Audi installed an AMOLED rear-view "mirror" in the new R18 race cars

Audi's R18 sports prototype cars just got a new addition: an AMOLED digital rear view "mirror". They say that the AMOLED display was chosen because of the high density, excellent image quality and very fast response time - even at 330 km/h (92 meters per second) the image is still fluid, according to Audi. It's also quite light, in fact probably lighter than a traditional mirror.

A digital mirror also providers other advantages of course: it can display information (current gear, warnings, etc) and it also behaves better than a traditional mirror in bad weather. The camera is installed behind the antennas on the roof.

This is not the first time Audi uses OLEDs. Back in March Audi unveiled three new OLED-lighting based designs: rear lights and flashing turn indicators, a car covered with hundreds of triangular panels and the "swarm" which is an external OLED lighting based "display". The OLED panels in Audi's concepts were provided by Philips.
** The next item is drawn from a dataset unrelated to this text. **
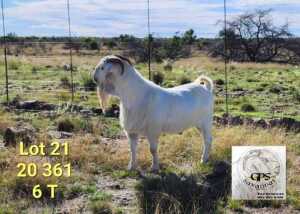 LOT 21 1X SAVANNA FLOCK BUCK TAT SCHOLTZ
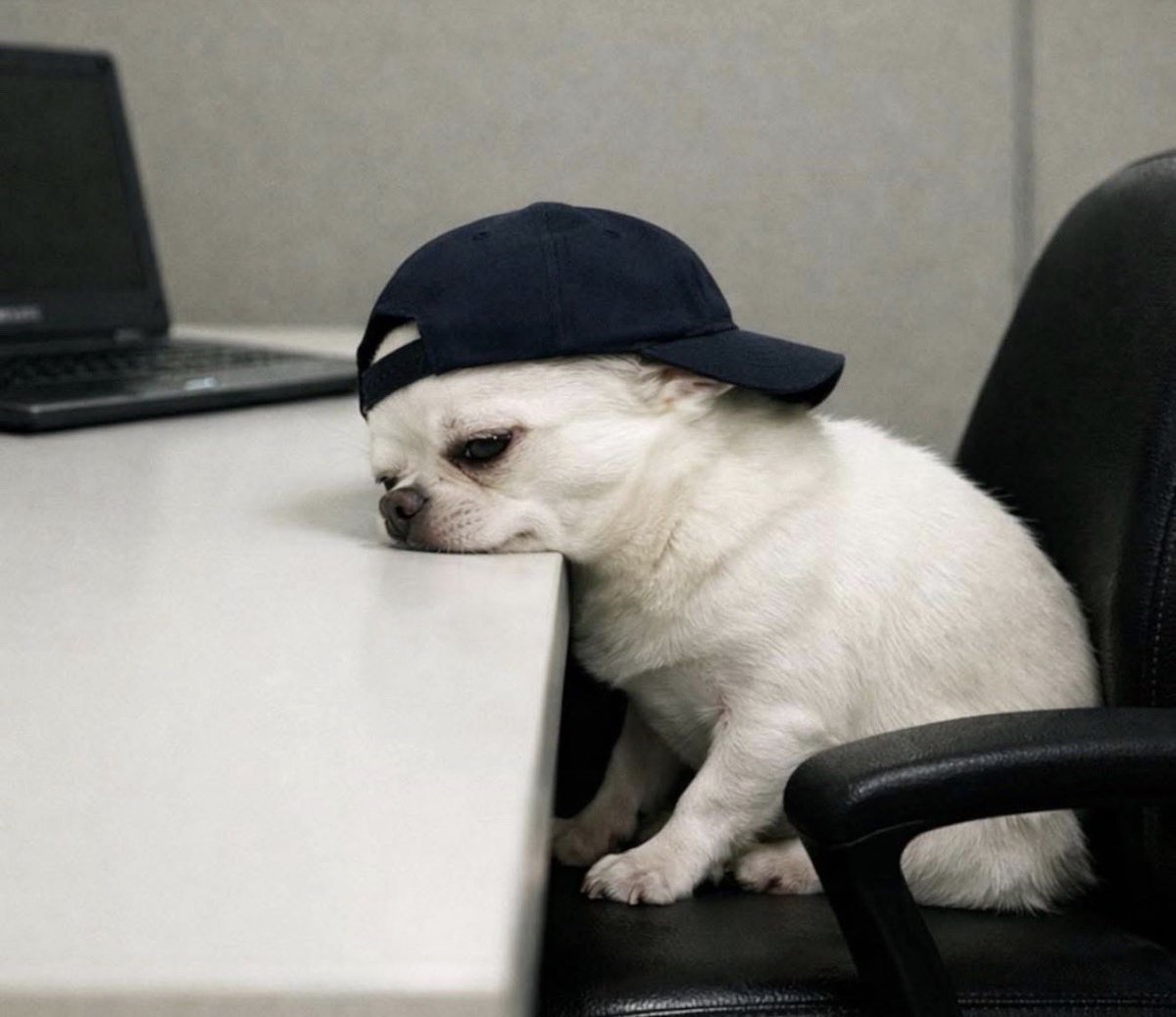 El Guarromántico tweet media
Posted: May 27,2012 by Ron Mertens


Audi is like BMW often first to implement new energi efficient technologies.

Audi was first to use many small white LED as front light and nowadays also in backlights.

If one or two LED stops to work it is no problem because the lamps is made of many so the rest of them work, that the big benefit for using many LED as light source.

Amoleds on flexible amorf polyamide substrate can make mirrors semi-transparent because amorf polyamide property is both higher glass temperature than crystalline polyamide and that it is transparent.Amoleds with no current on it´s subpixels and pixels make can make Amoled displays partially or totally transparent.

So, between too glass sheets an Amoled display on amorf polyamide can be partially or totally transparent.

In mirrors or windshield or rear window Amoled displays can be between too glass sheets and make the mirror,windshield or rear window with new properties.

There are two major problems if you want to include OLED displays in the windshield: 1) The eyes of the driver have to switch focus from the road to the OLED display because the image distance is different. That may not sound like a big deal at first, but if you think about HUDs this is actually likely to be a deal breaker. 2) Windshields crack rather easily and if the windshield includes a display the normal curing procedure for minor cracks could not be used anymore as it uses UV and/or temperature treatment which would kill the OLED. Add to that the cost increase for the windshield and lifetime issues and you have a problem. Those are the reasons why most car manufacturers seem to favor projector solutions. With these you can create images that do not require re-focusing of the eye and you keep the projector unit seperate from the windshield so repairs are still possible. Now for in-car displays like the one actually present in this article things are different. Here OLEDs are in fact likely to play a part in the future.